## Try it
Note on the material below: return exactly the lines from the line that holds "Volvo XC60 Black" through the line that holds "Jó helyen, jó ingatlan, jó vállalkozásnak!!!", and leave out each picture.

## Dataset excerpts
· · ·
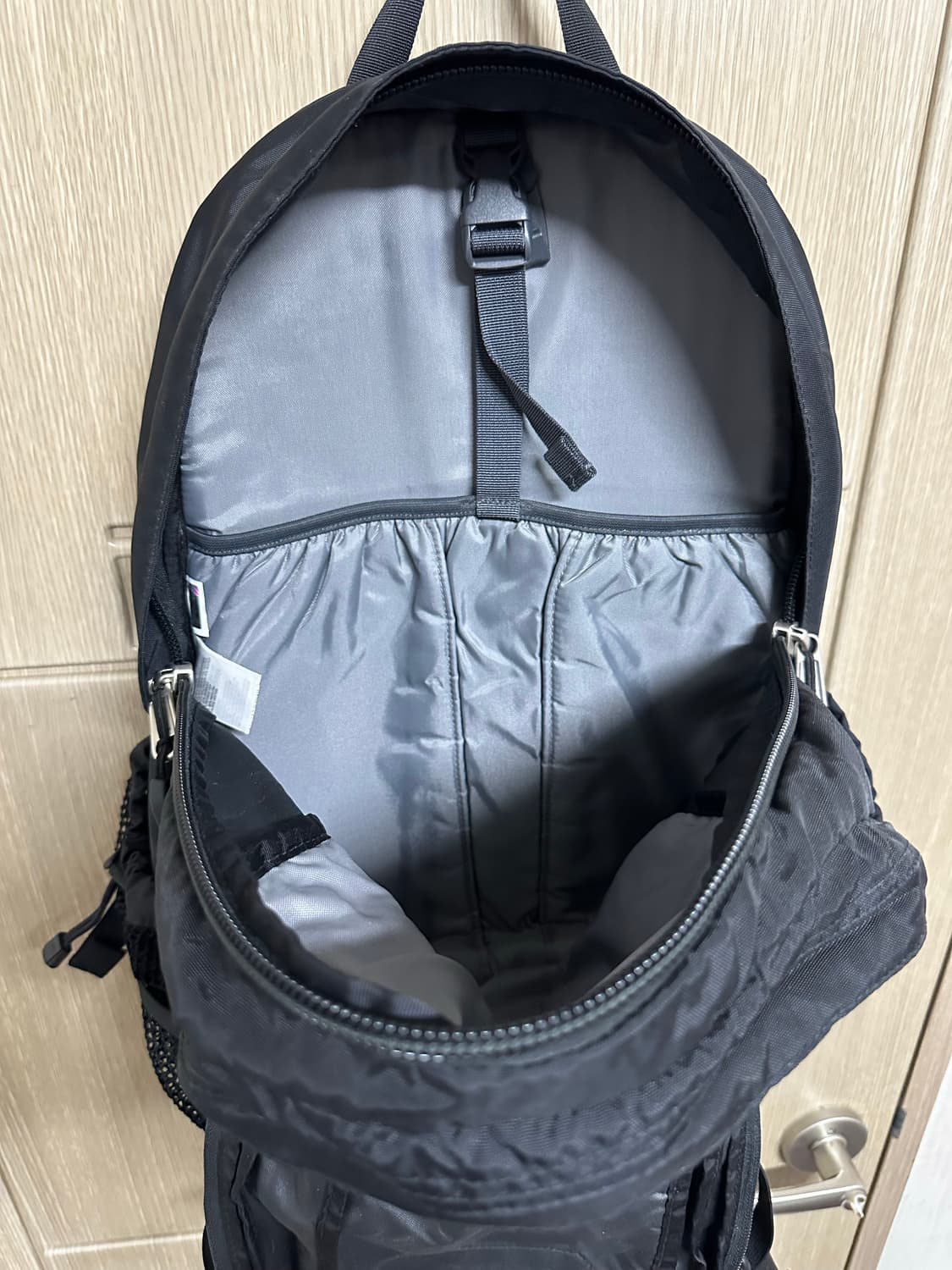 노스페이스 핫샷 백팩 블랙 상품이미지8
· · ·
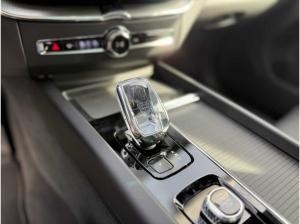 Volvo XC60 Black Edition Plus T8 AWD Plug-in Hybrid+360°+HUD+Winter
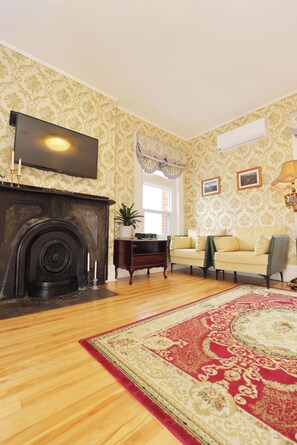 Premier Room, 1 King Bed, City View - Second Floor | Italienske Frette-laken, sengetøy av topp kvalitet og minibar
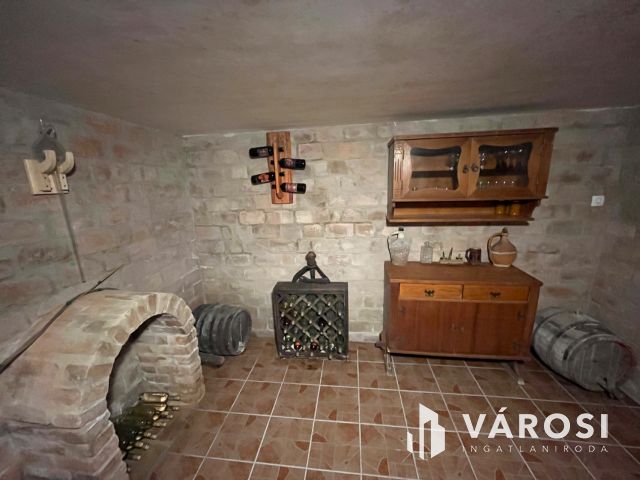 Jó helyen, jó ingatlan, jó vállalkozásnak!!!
· · ·
## Reply to the exercise
 Volvo XC60 Black Edition Plus T8 AWD Plug-in Hybrid+360°+HUD+Winter
 Premier Room, 1 King Bed, City View - Second Floor | Italienske Frette-laken, sengetøy av topp kvalitet og minibar
 Jó helyen, jó ingatlan, jó vállalkozásnak!!!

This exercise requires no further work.